I went out late last night to say goodnight to Max and to close up the hens’ coop, because I had been watching the last in the series of The Village (which I found most disappointing!). After I had dropped the hens’ pop hole door, I went back to Max to give him a couple of carrots and heard argie bargie in the hen coop. As though they were squabbling about having the best perch on which to roost (though no clucking). Then there was a ‘thud’, which was strange. I now know that it was Buffy falling off her perch. Whether she had a heart attack and toppled over onto the hen next to her, causing the ‘argie bargie’ sounds or whether somebody pecked her and she fell off the perch and broke her neck, I will never know. But there wasn’t a mark on her. So I suspect the former.
She was the star turn in my post for 365 #18 on Saturday. When responding to one of the comments, I said that I hadn’t bonded with any of the hens that I had left, because none of them would let me touch them, let alone pick them up. This wasn’t, technically, true.
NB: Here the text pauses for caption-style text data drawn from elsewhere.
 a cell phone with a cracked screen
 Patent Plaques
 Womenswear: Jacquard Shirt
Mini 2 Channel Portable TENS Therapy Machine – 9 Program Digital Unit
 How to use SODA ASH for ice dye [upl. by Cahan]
Buffy was my ex partner’s hen. When we went to pick them as point of lay pullets, I chose Polly because Light Sussex hens lay really well. My ex chose Buffy, a Buff Orpington, because she was so pretty, like a ballerina, he said. She had a lovely bussle and skirts and seemed to glide across the ground. Against all the odds, she laid an egg a day practically all year in her first year. Which must be unusual for her breed..
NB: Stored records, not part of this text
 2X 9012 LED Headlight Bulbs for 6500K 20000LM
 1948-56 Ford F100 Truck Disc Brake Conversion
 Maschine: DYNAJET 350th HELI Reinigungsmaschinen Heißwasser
In May, three years ago, Pippa, M’s horse, whom he had owned for nigh on 16 years, had to be put down. It was a Thursday so I took Friday off to be around for him. It was 4.15 in the afternoon and I was washing Max’s tail in front of the stables. I happened to look up and saw Buffy, in the jaws of a fox, being dragged off into the ditch at the bottom of the paddock. I ran down there wailing like a banshee and waving my arms like a helicopter. The fox, probably wondered what an earth was coming in his direction, dropped her in the ditch and bolted!
Poor Buffy came up out of the ditch rather the worse for wear. She let me pick her up, wash, dry and treat her wounds. Poor thing was in shock. But she survived and three or four days later was all but back to her normal self. She was a sweet hen, without an ounce of malice in her.
I’m so glad that she had such a wonderful time in the bonfire ashes the day before she fell off her perch. R.I.P Buffy dear.